■ **Collected data**:
################
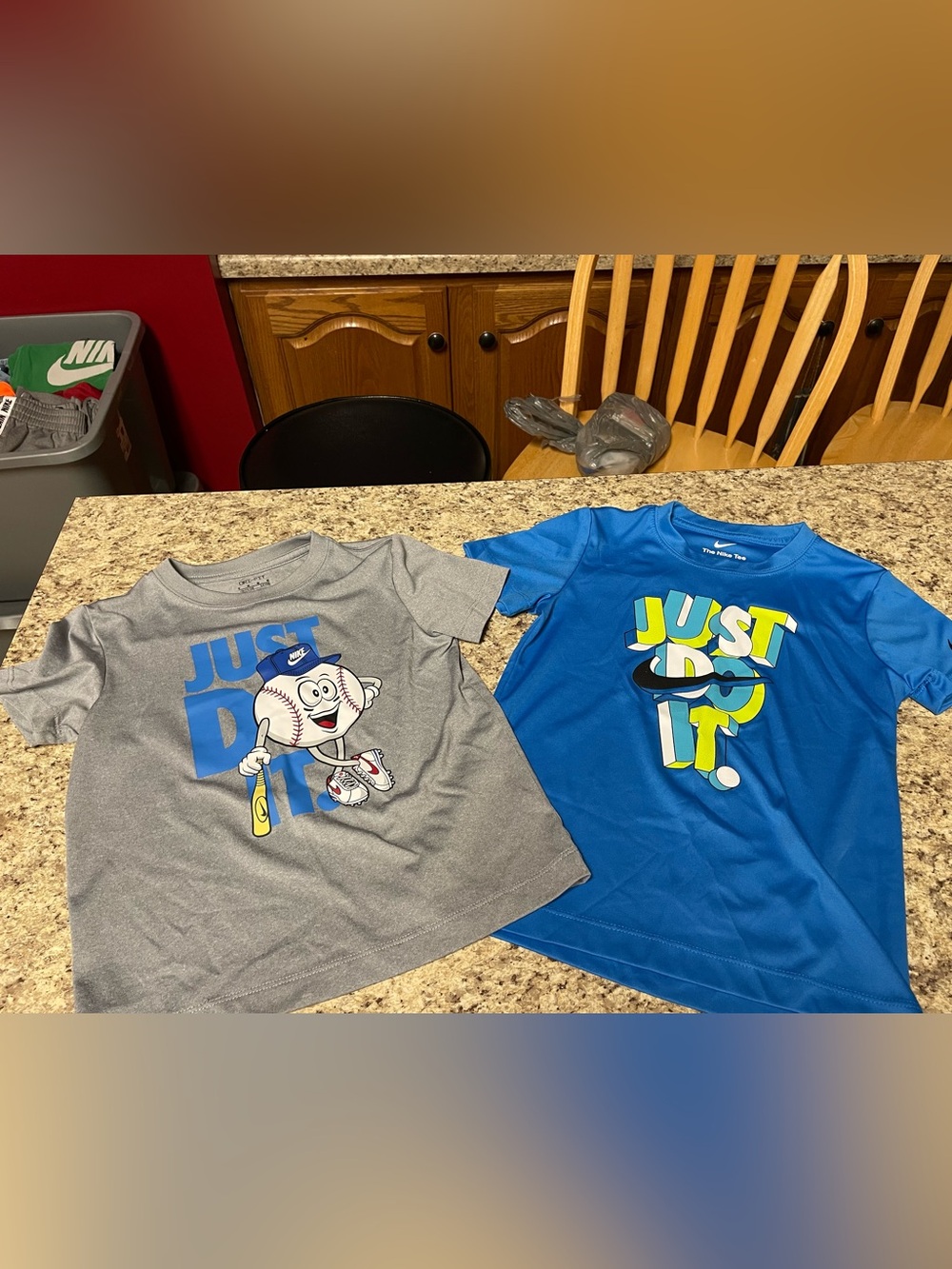 Nike Kids Short Sleeve Tees in Blue and Gray - Graphic 'Just Do It' Set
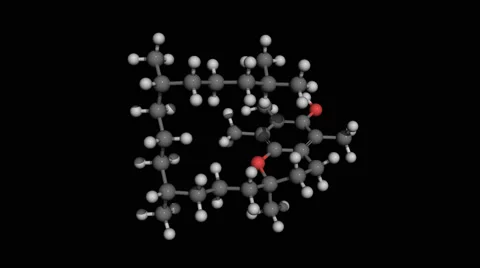 Vitamin E (tocopherol)  molecule rotating  4K UHD Stock Footage 63780391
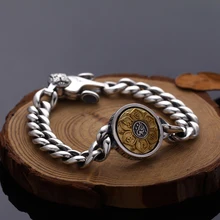 Стерлингового серебра 925 Браслеты буддистские шесть слов мантра вращающиеся ожерелья для женщин и мужчин Подарки для любимых Высокая польская бордюр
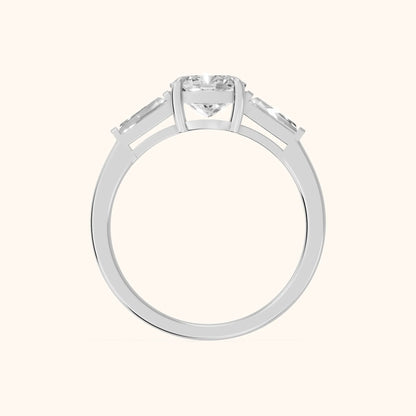 Winnie Three-Stone Cushion Diamond Engagement Ring in Platinum - FingerView.webp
################
■ **Task prompt**: Exactly as written, return each line above and leave the pictures behind.

■ **Task result**:
 Nike Kids Short Sleeve Tees in Blue and Gray - Graphic 'Just Do It' Set
 Vitamin E (tocopherol)  molecule rotating  4K UHD Stock Footage 63780391
 Стерлингового серебра 925 Браслеты буддистские шесть слов мантра вращающиеся ожерелья для женщин и мужчин Подарки для любимых Высокая польская бордюр
 Winnie Three-Stone Cushion Diamond Engagement Ring in Platinum - FingerView.webp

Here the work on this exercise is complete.